> _To do_
Every line from the one with "Thus, this necrosis" through the final line of the data below goes in the answer, copied exactly. Pictures do not.

> _Supplied information_
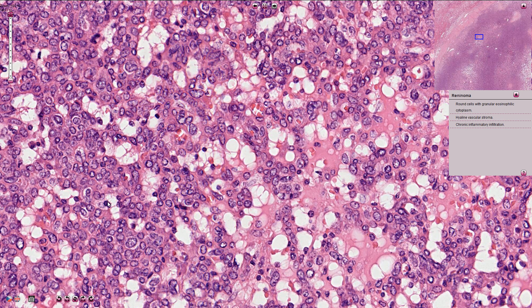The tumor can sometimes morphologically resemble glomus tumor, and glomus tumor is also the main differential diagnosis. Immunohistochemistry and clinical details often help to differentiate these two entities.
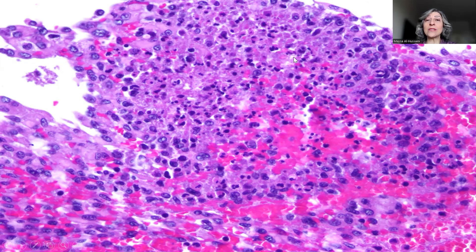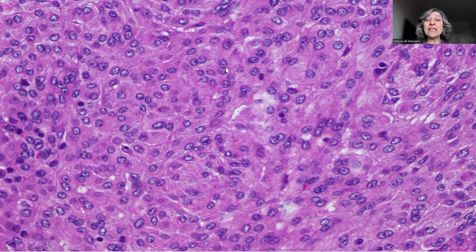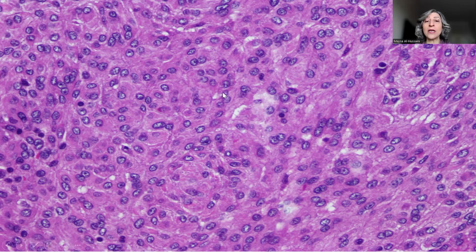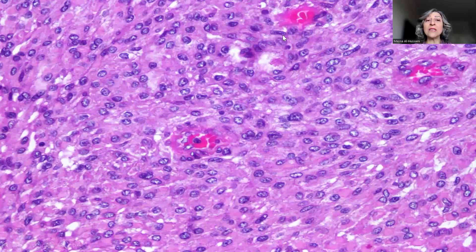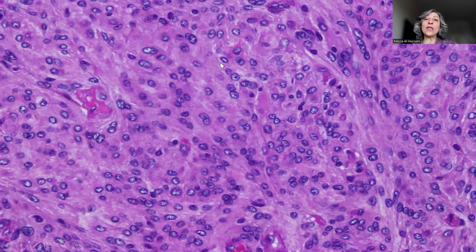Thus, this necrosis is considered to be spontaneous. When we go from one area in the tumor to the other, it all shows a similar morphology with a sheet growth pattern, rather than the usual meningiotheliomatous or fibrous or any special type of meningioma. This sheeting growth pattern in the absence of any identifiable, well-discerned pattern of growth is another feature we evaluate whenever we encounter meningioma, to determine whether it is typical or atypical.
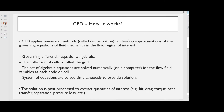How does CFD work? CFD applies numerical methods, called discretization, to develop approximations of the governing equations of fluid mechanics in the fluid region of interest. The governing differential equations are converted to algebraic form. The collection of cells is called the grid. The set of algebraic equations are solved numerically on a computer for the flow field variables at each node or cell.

> _Reply_
Thus, this necrosis is considered to be spontaneous. When we go from one area in the tumor to the other, it all shows a similar morphology with a sheet growth pattern, rather than the usual meningiotheliomatous or fibrous or any special type of meningioma. This sheeting growth pattern in the absence of any identifiable, well-discerned pattern of growth is another feature we evaluate whenever we encounter meningioma, to determine whether it is typical or atypical.
How does CFD work? CFD applies numerical methods, called discretization, to develop approximations of the governing equations of fluid mechanics in the fluid region of interest. The governing differential equations are converted to algebraic form. The collection of cells is called the grid. The set of algebraic equations are solved numerically on a computer for the flow field variables at each node or cell.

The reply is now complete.